When the Anne Fontaine Foundation approached me to donate an image to help raise awareness on the destruction of the Mata Atlântica (Atlantic Forest) on the Brazilian Atlantic Coast, I immediately said yes. Surprisingly, when I went through my archives to choose the image, I was disappointed to not find a photo with a tree as the protagonist. I had done SKIN, an entire body of work focusing on the human figure in harmony with nature, and I could not find the right photo for this project - that was hard to admit!
I decided to start from scratch and create a new image. When I began brainstorming about the concept, I knew that I wanted to focus on what I call “the fragility of life”, a subject that I had explored in my last 3 projects. I aimed for the image to be realistic and dramatic, yet poetic and dreamy as well. I also wanted to highlight the duality between love and suffering, because people need trees but they destroy forests every day, forgetting that trees are one of the main elements that keep humans alive. To visually translate my thoughts and create an image that would make audiences think, I used symbolism, as I often do in my work.
While visiting the Brooklyn Botanical Garden many years ago, I had noticed a beautiful weeping beech tree with its bark entirely covered in inscriptions. They were mainly names of people and hearts, engraved by lovers eager to leave a trace of their infatuation for someone else to see. Ironically, for me, this was the ultimate physical representation of what love and suffering is and somehow also a metaphoric depiction of our real relationship with trees. This illustrates, in a smaller scale, what is happening with the great forests around the world. We are tearing apart essential forests, ruining them for ourselves as well as a number of other living species.

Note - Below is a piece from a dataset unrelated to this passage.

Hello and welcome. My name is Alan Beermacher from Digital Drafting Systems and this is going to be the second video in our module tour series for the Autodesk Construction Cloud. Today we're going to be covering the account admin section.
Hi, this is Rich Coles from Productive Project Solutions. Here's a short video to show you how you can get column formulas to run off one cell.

In addition to that, our uncontrolled waste is destroying the rest of the planet. Non-recycling products, such as plastic bags, are contaminating the environment and the oceans at great speed. We are not taking enough efficient measures about it, and it is extremely sad and drastic.

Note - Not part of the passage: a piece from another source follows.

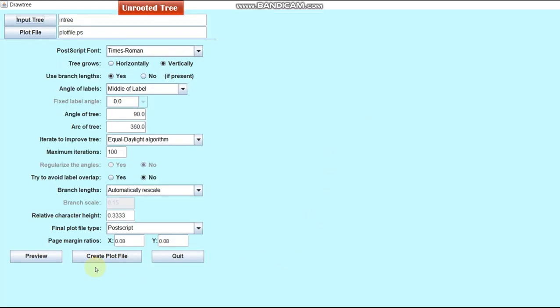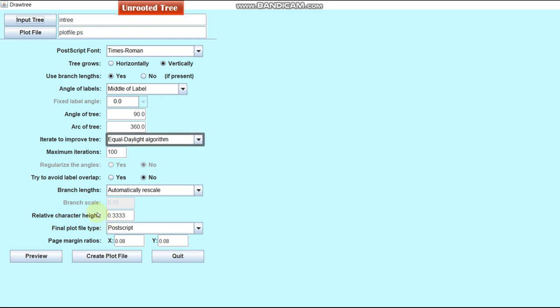DrawTree has some different parameters from Drawgram that includes angle of tree, arc of tree, iteration to improve tree, maximum number of iterations and relative character height. Here, the default algorithm to improve tree by iteration step is Equal Daylight Algorithm.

To finish this introduction on a positive note, here is what happened when I took the photo of “The tree of love”. I decided to go to the park without my assistant, as I found nature very relaxing and meditative. It was a good occasion to reenergize in a beautiful environment, away from the city’s turmoil. When I found the tree, its dimensions and majestic look struck a note with me again. First, I walked around it to find what would be the best angle for my photograph. It was quite windy that day, so I ended up spending a great deal of time trying to get the right shot, because the plastic bag was flying away. Without help, I had to go back and forth from my camera to the tree to place the bag to the right spot. Each time, I was getting closer to the tree, I couldn’t avoid looking up and admiring how gigantic it was. When touching its scars with my hands, I was shocked how severe and deep they were. Throughout all these years it had been unjustly wounded and scarified by so many individuals and I could now somehow feel the suffering it had to undergo. I was starting to feel so much respect and empathy for this giant who had been standing here quiet and proud for so long. I felt that I was no longer taking a photograph of a tree, but instead a portrait of a person. A person with a face, with a skin, with a real story, which spanned generations—alive for longer than any human had lived.

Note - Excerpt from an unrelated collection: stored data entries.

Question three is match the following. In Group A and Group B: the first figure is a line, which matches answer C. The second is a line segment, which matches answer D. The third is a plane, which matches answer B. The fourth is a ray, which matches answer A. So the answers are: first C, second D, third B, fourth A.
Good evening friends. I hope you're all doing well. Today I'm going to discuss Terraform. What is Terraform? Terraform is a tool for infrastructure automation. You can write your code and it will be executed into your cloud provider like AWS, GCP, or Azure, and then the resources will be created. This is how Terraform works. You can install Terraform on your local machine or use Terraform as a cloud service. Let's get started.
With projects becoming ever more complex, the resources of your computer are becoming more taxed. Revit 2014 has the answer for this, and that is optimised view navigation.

All of the sudden, a group of a dozen frisky kids broke the peaceful environment and rushed to the tree to climb all over him. I froze, as my new friend was unfairly harassed before my eyes. He was helpless and I did not know what to do. I love children and thought that I was probably doing the same fun things when I was their age. Luckily, not long after, a gardener came over and saved the poor giant from this mayhem. He told the youngsters that the tree was alive and that it was bad for him to have anyone climbing on his branches. When they were gone, he looks at me and asked if I didn’t mind explaining the same thing if more children were trying to climb. By the way he worded his request, I could really feel that the man was also somehow considering the giant as a person. I understood that if you spent enough time with the tree and care about him, you could then feel his soul and even become friends. This was a very powerful connection between a human and nature.
The experience was definitely unforgettable and made me strongly believe again how important it is to teach people this appreciation. Awareness is key, because it is easy to make mistakes and take things for granted, therefore spreading the word is everyone’s duty. And if we do so, there are great chances that things will get better. Protecting Mother Nature can be achieved if we all make an effort to respect her. Let’s work on it together, not tomorrow but now!